The Centre is already delivering a programme for the Welsh government to drive digital inclusion in the health service

Wales Co-operative Centre has joined up with 40 other organisations across the public, private and third sector to call for an end to digital exclusion in Wales.

The Digital Inclusion Alliance for Wales (DIAW) also includes BT, Dŵr Cymru, Citizens Advice Bureau, Disability Wales, Older People’s Commissioner and Public Health Wales. Today (18 March) it published an agenda for digital inclusion which sets out five priorities for the Welsh government.

DIAW wants policymakers to:

  1. Embed digital inclusion across all sectors
  2. Mainstream digital inclusion in health and social care
  3. Address data poverty as a key issue
  4. Prioritise digital skills in the post-Covid economy
  5. Set a new minimum digital living standard

The National Survey for Wales found that 90% of adults (16 and over) personally use the internet in 2019/20 – up from 77% in 2012/13. But Prof Hamish Laing, chair of the DIAW, warns this still falls short of where Wales needs to be as a digitally inclusive nation.

He said: “Covid-19 has shone a bright light on the country’s digital inequalities. Many children and young people have been unable to access learning online, patients have been unable to take part in video consultations, relatives have been unable to connect with loved ones isolated in hospital or care homes…the list goes on.

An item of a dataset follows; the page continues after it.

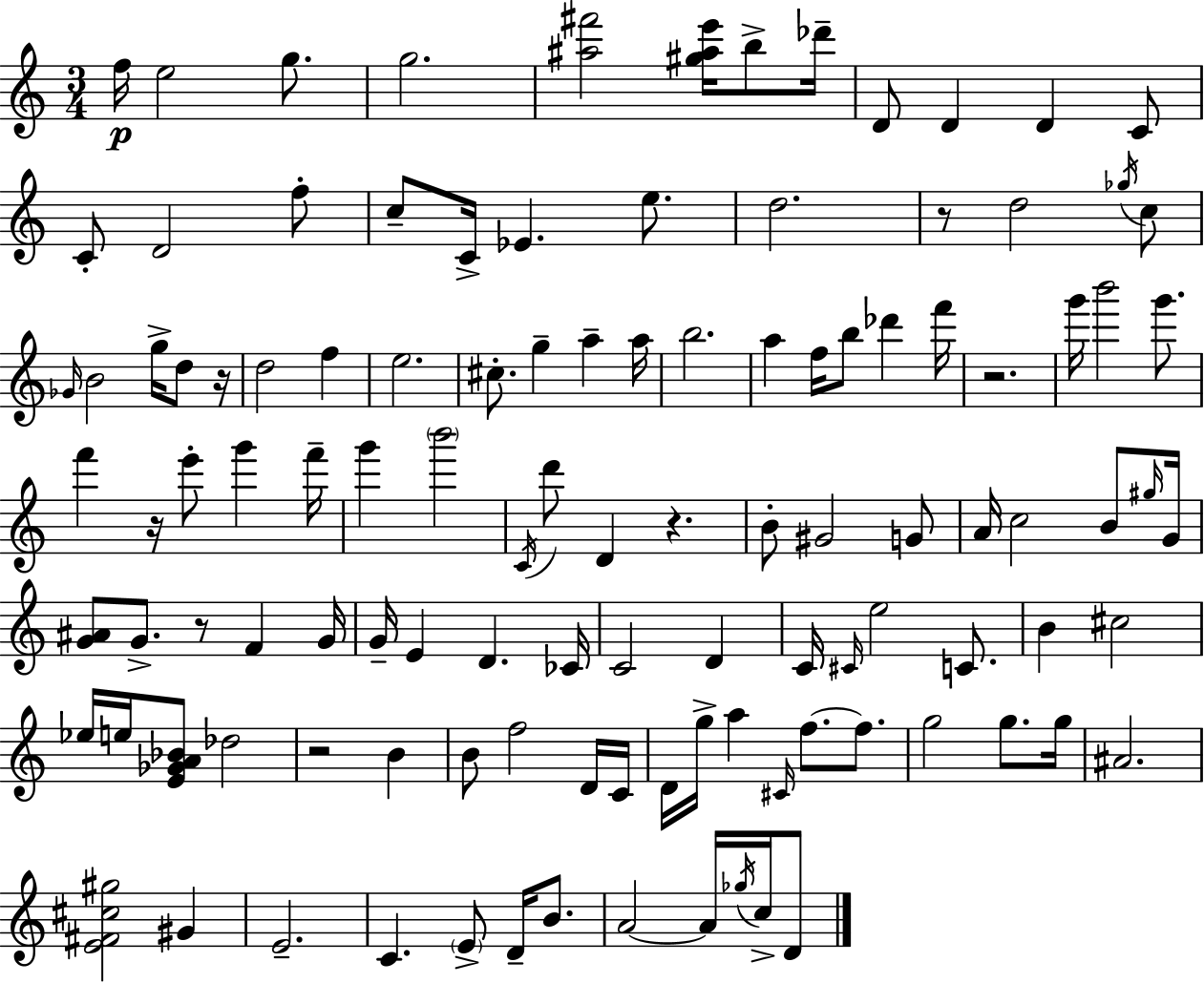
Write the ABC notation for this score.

“Addressing digital exclusion is essential for a just and equal society and it requires sustained intervention, resourcing, and prioritising. Those ‘left behind’ are at risk of falling further behind if we do not tackle the stubborn levels of digital exclusion that persist. A great deal has already been achieved by Welsh government and other local digital inclusion initiatives in Wales but there is still more work to be done.”

Digital Communities Wales is a Welsh government-funded programme delivered by the Wales Co-operative Centre in partnership with the Good Things Foundation and Swansea University. Since 2019 it has been working with all seven health boards in Wales to tackle digital exclusion. The support ranges from practical digital training for health professionals, to strategic support to help senior health executives integrate digital inclusion into their public-facing services.

Jocelle Lovell, director of inclusive communities at Wales Co-operative Centre and member of DIAW, said: “The rapid growth in digital technologies brings amazing opportunities for people to become more active partners in their own care. But there is also a serious risk that people who are digitally excluded get left behind.

“Without access to the internet, it can be difficult to find information, get answers to questions, and verify what is being reported. Internet access and basic digital skills also brings wider benefits that have been particularly important for many older people during the pandemic, such as helping them to stay connected with family and friends and access useful online services including the delivery of food or medication.

“We must ensure that each person in the Welsh and social care workforce, including those who are unemployed and seeking work in these difficult circumstances, is given the necessary training to develop the digital skills needed to participate safely and effectively in the post-Covid digital economy.”

BT has already invested in a range of initiatives and campaigns to tackle digital exclusion across Wales, including the Skills for Tomorrow programme. Nick Speed, BT Group’s director in Wales, said: “We look forward to continuing our work with DIAW and other partners to highlight and address the barriers facing connectivity and digital skills in Wales.”